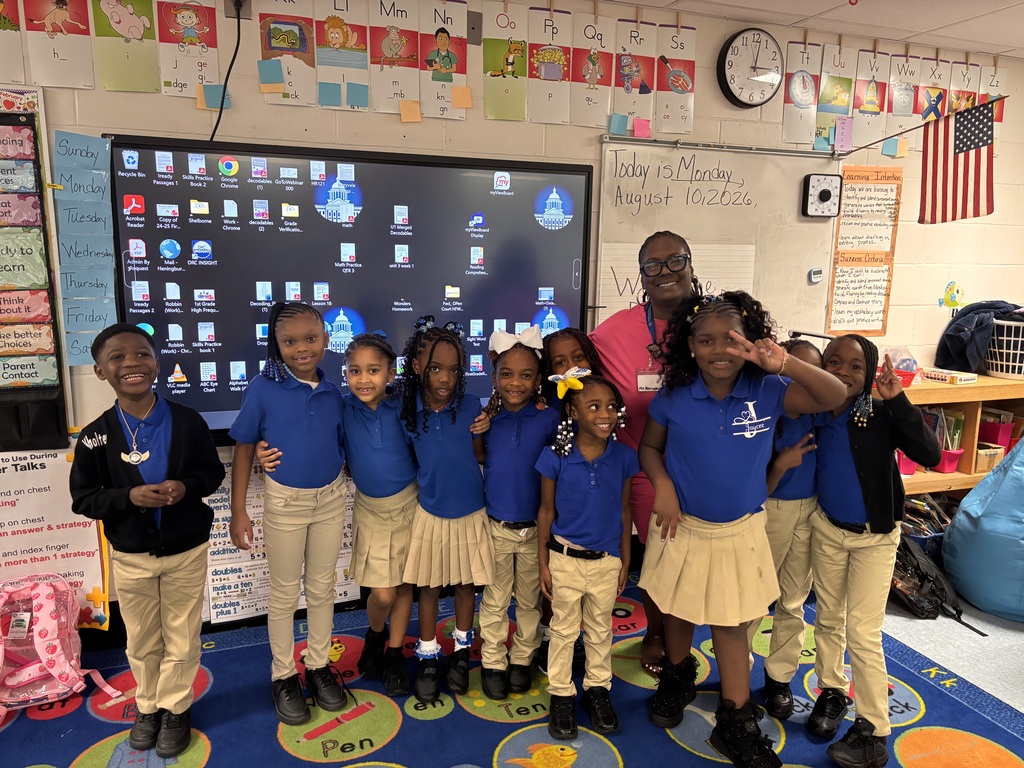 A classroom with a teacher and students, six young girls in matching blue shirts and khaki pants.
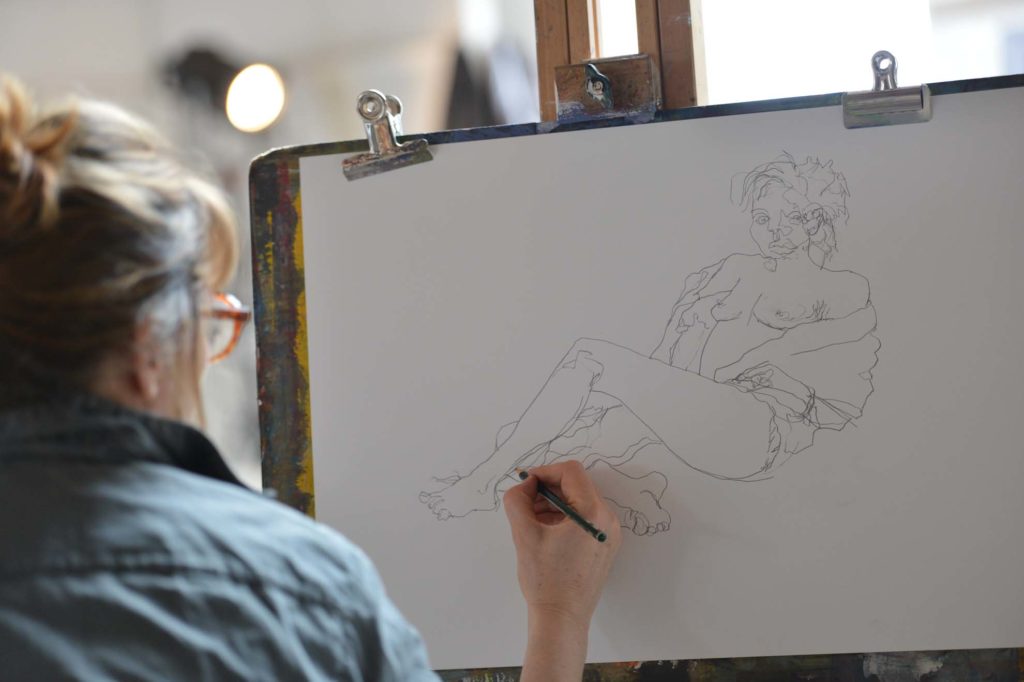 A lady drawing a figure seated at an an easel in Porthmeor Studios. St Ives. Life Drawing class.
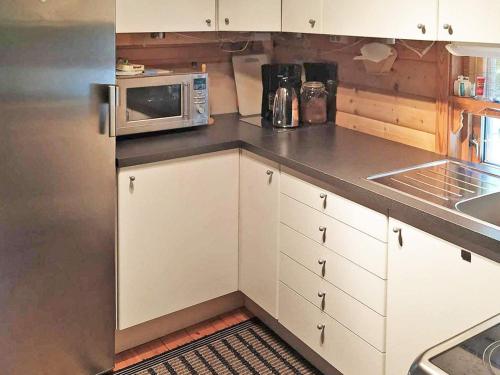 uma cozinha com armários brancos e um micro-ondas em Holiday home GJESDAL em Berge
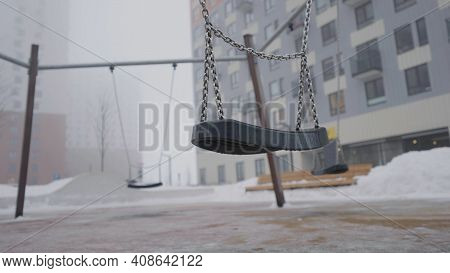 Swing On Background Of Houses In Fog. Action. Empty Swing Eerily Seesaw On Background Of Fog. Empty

> Task item:
Transcribe every line of the data exactly. No pictures go in the copy.

> Response below:
 A classroom with a teacher and students, six young girls in matching blue shirts and khaki pants.
 A lady drawing a figure seated at an an easel in Porthmeor Studios. St Ives. Life Drawing class.
 uma cozinha com armários brancos e um micro-ondas em Holiday home GJESDAL em Berge
 Swing On Background Of Houses In Fog. Action. Empty Swing Eerily Seesaw On Background Of Fog. Empty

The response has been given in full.